Algonquin plans $39.9 million budget
ALGONQUIN – The village has finalized its proposed $39.9 million budget for the upcoming fiscal year. The village board is scheduled to vote on the budget at its April 1 meeting.
Village officials expect its $19 million general fund budget, which pays for most services including police, streets, and parks and recreation will be balanced, according to village documents.
The total $39.9 million budget also includes infrastructure projects and water and sewer services.
"It is the overriding principle of the budget to deliver outstanding service to our citizens at a reasonable price without drawing down the village's working capital, assuming no additional tax burden on our residents," Village Manager Tim Schloneger wrote in a memo to village board members.
There are no new taxes as part of the village's budget plan, according to the budget memo.
The village expects revenues and expenditures to increase by about 3 percent.

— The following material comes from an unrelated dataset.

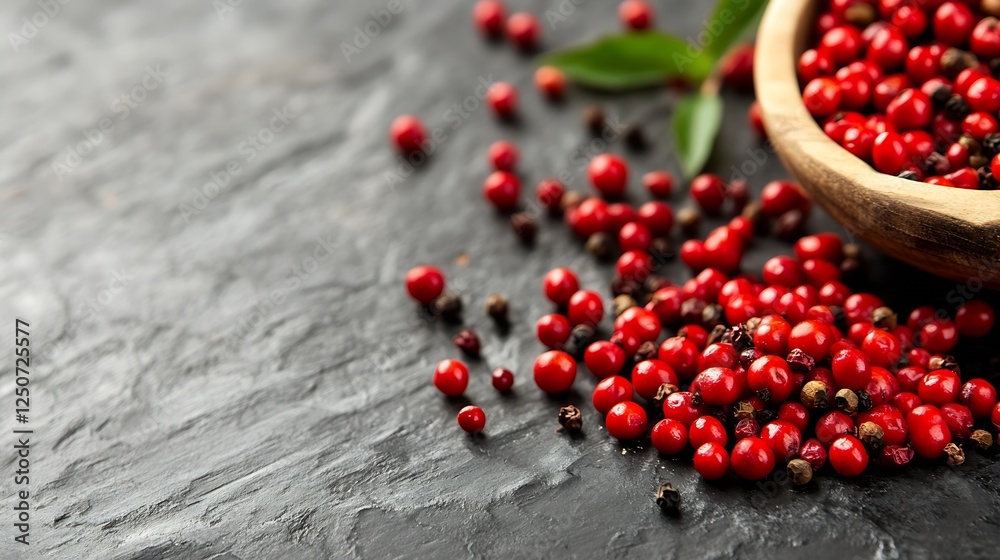 Poster closeup of vibrant red peppercorns scattered over dark slate stone surface for culinary use : genera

"No significant reduction to services to our residents is anticipated in the 2014-15 fiscal year budget, and the village's cash position remains solid," Schloneger said.

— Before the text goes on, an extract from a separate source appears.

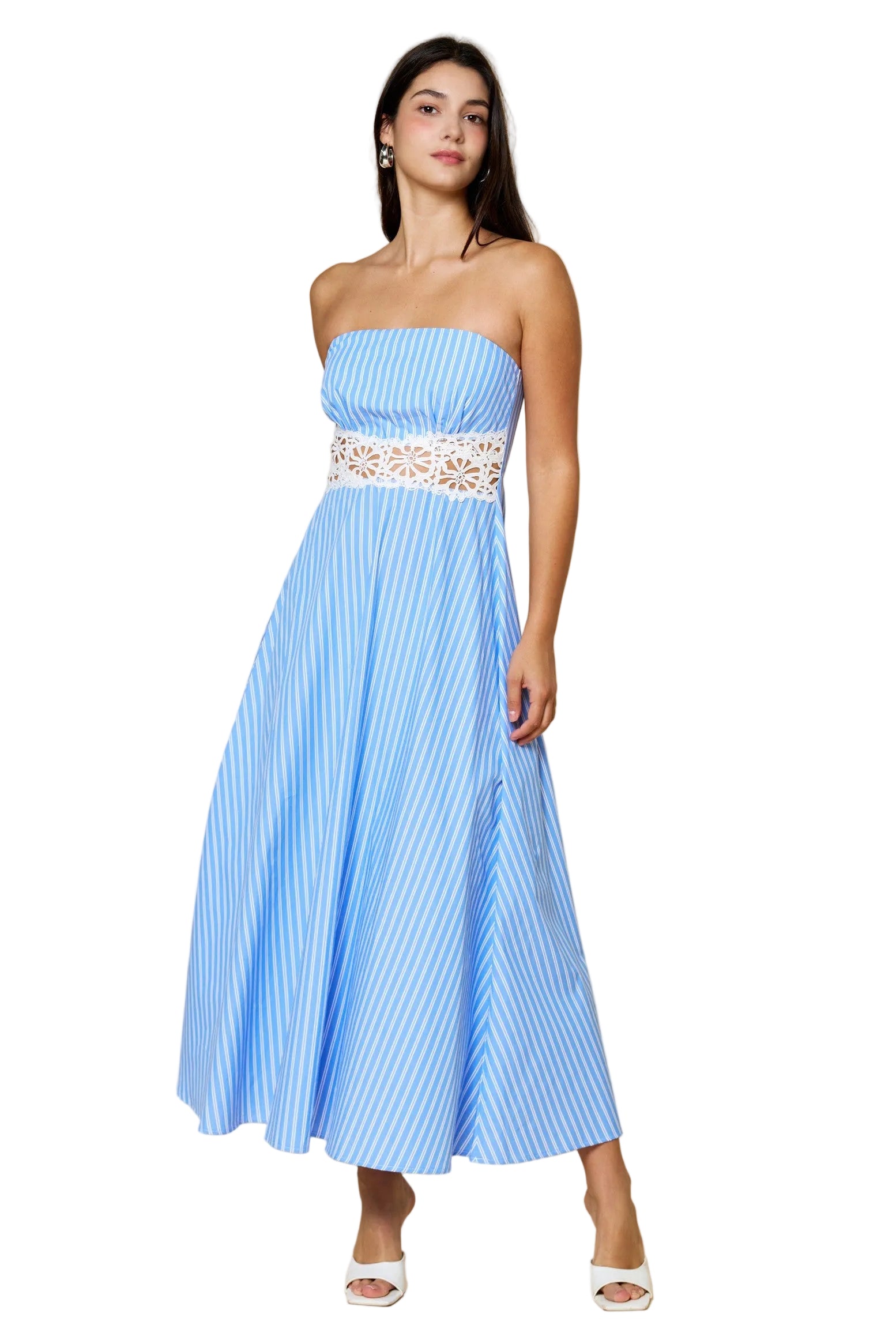 6922 Blue White Stripe Maxi Dress – 606River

Among the village's revenue sources, officials project to bring in $7.2 million in sales tax.
"Commercial and retail growth remains modest in Algonquin as in the entire Chicago region," Schloneger wrote. "Sales tax has been trending upward slowly and is estimated to increase from this year's estimated actual."

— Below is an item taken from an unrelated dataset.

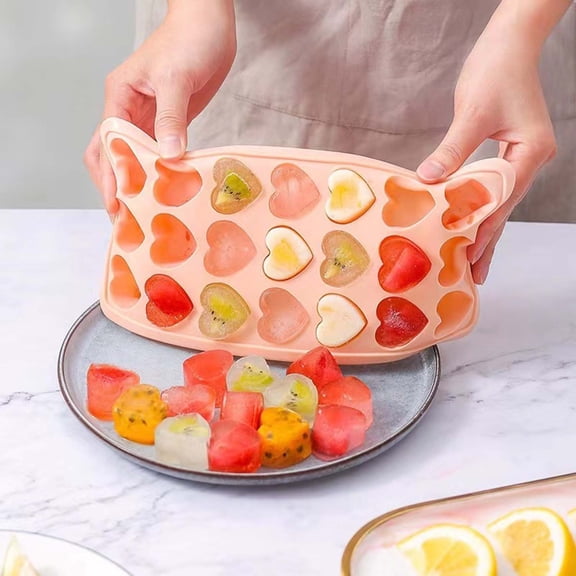 21-Cavity Heart Shaped Silicone Ice Cube Tray, Soft Flexible Mold for Easy Release, Food-Safe for Drinks and Desserts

The village also kept its real estate tax levy flat for the upcoming budget and expects to bring in about $5.8 million in property tax revenue.
For those employees who are not part of unions, the village has budgeted a 2.5 percent pay increases. However, increases would be based on merit.
"The proposed raises can reflect job performance rather than automatic, across-the-board pay increases," Schloneger wrote.
The village is budgeting $214,000 for recreation programs.
"The most popular events and recreational sessions remain on the schedule for the year and some less popular events have been eliminated," Schloneger wrote. "As recommended in the recent recreation programming plan additional adult and child enrichment programming has been added to meet the recognized demand within the community."
"If all the programs are successful, revenues generated from the events will cover most, but not all, of these proposed expenditures," Schloneger added.
The village plans to spend $5,700 to cover the 50/50 parkway tree program. The money however won't satisfy the current waiting list because of the accelerated emerald ash borer infestation, according to village documents.
The program has been modified to only cover the situation where a property owner wants an additional parkway tree.
Village officials also are planning several capital purchases.
The police department plans to replace one community service vehicle with a pickup truck and replace multiple squad car laptops and printers that are obsolete.
The village plans to replace two vehicles in the streets department for $50,000 each.
"Only capital purchases that are absolutely necessary for a more efficient operation are included in this budget," Schloneger wrote.